[Short web captions]
· · · ·
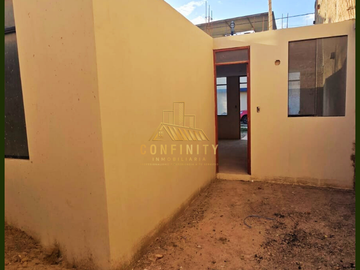 SE VENDE CASA DE 1 PISO DE 75M2 EN URB. SOL DE ICA DE LOS PORTALES - II ETAPA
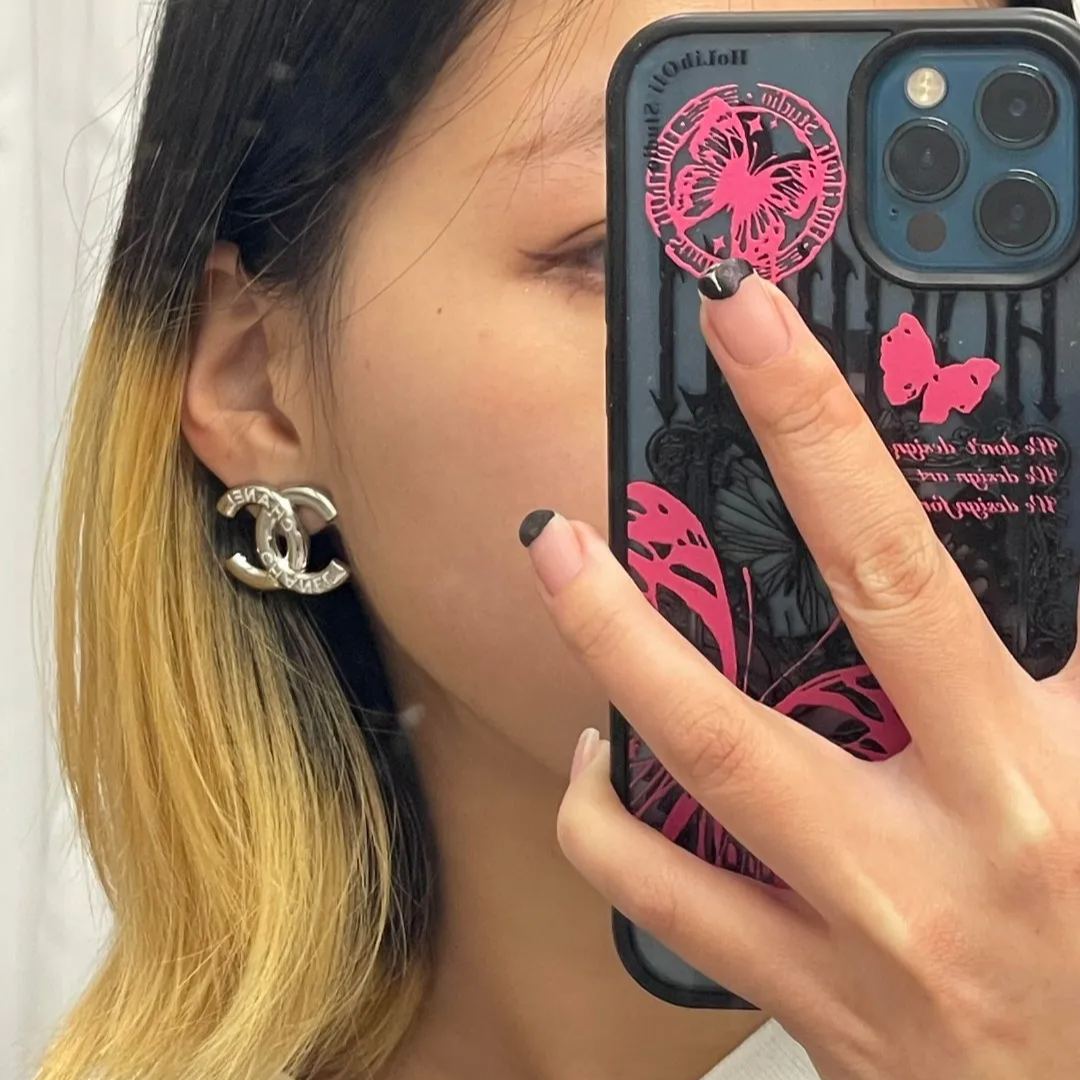 【シャネル】ピアス 0213-3-1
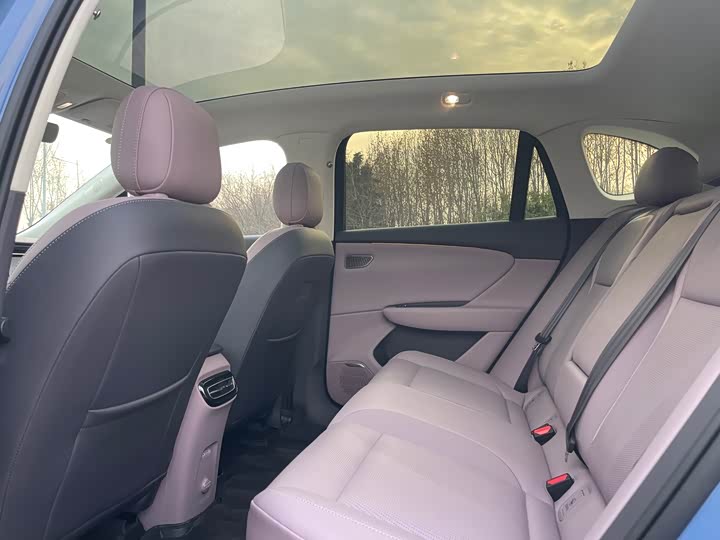 Фото 11 - Hongqi EHS5 (Tiangong 06)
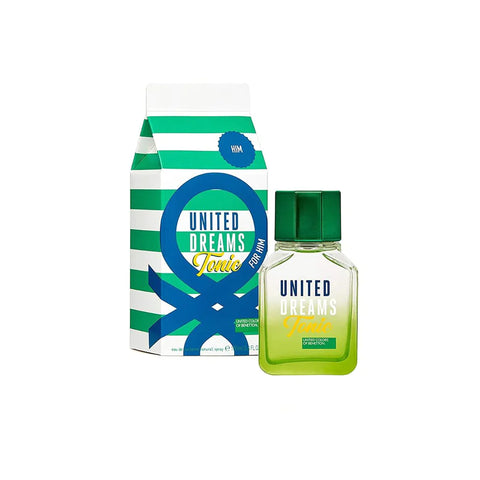 BENETTON TONIC (LIMITED EDITION) EDT 100ml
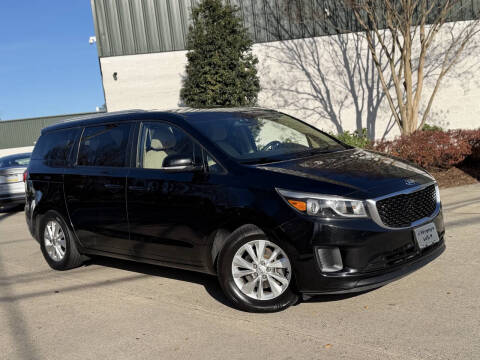2015 Kia Sedona LX
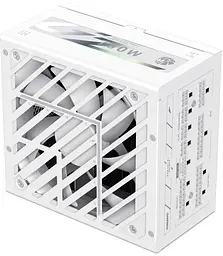 Блок живлення GameMax GZ 750G 750W ATX 3.1 80+ Gold (GZ 750G WH) White - мініатюра 4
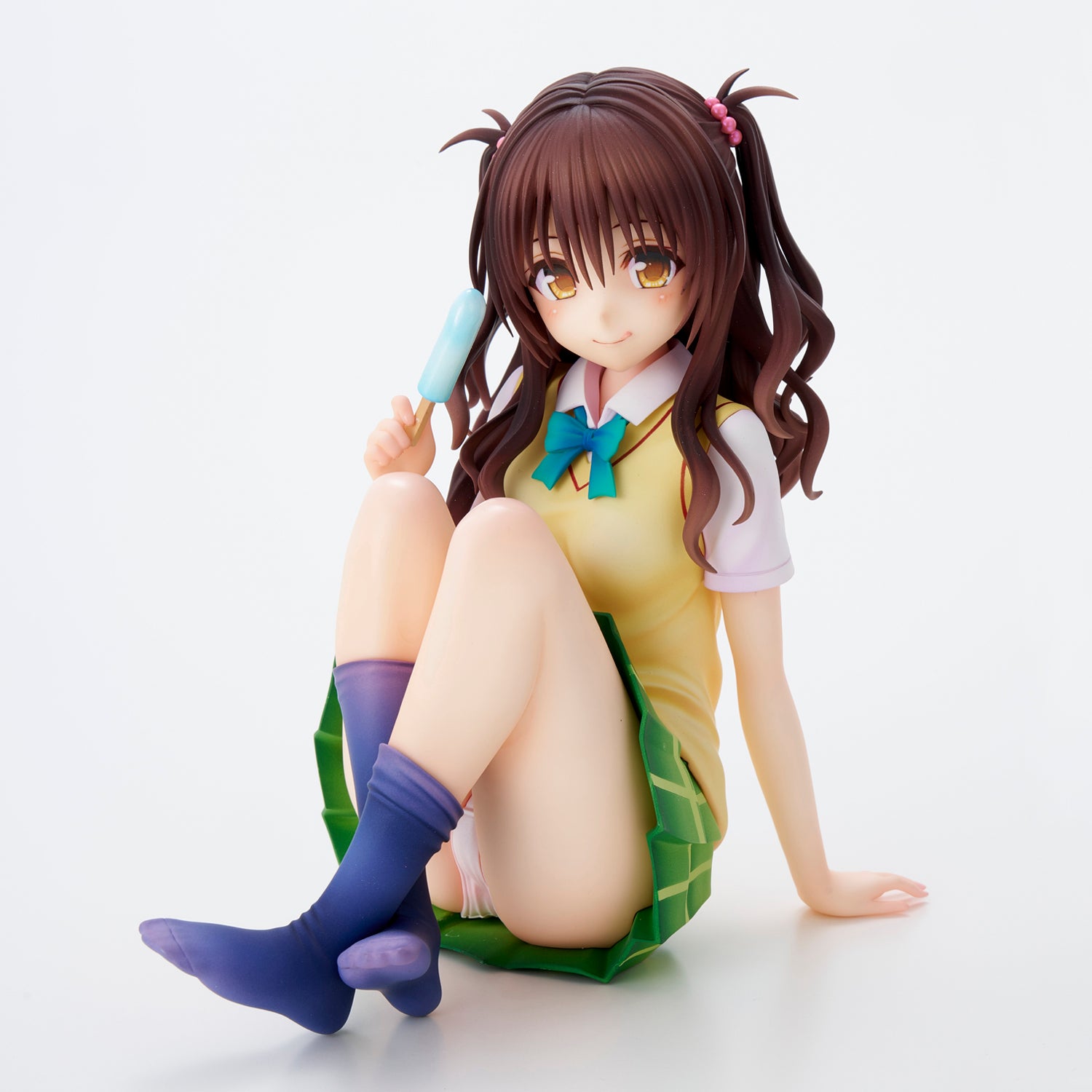 - to Love-Ru Darkness - School Uniform Series Yuki Mikan -High School Student VER.- - Image 12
· · · ·
Copy out all the records exactly as they read, and omit the pictures.

→ EXERCISE SOLUTION
 SE VENDE CASA DE 1 PISO DE 75M2 EN URB. SOL DE ICA DE LOS PORTALES - II ETAPA
 【シャネル】ピアス 0213-3-1
 Фото 11 - Hongqi EHS5 (Tiangong 06)
 BENETTON TONIC (LIMITED EDITION) EDT 100ml
2015 Kia Sedona LX
 Блок живлення GameMax GZ 750G 750W ATX 3.1 80+ Gold (GZ 750G WH) White - мініатюра 4
 - to Love-Ru Darkness - School Uniform Series Yuki Mikan -High School Student VER.- - Image 12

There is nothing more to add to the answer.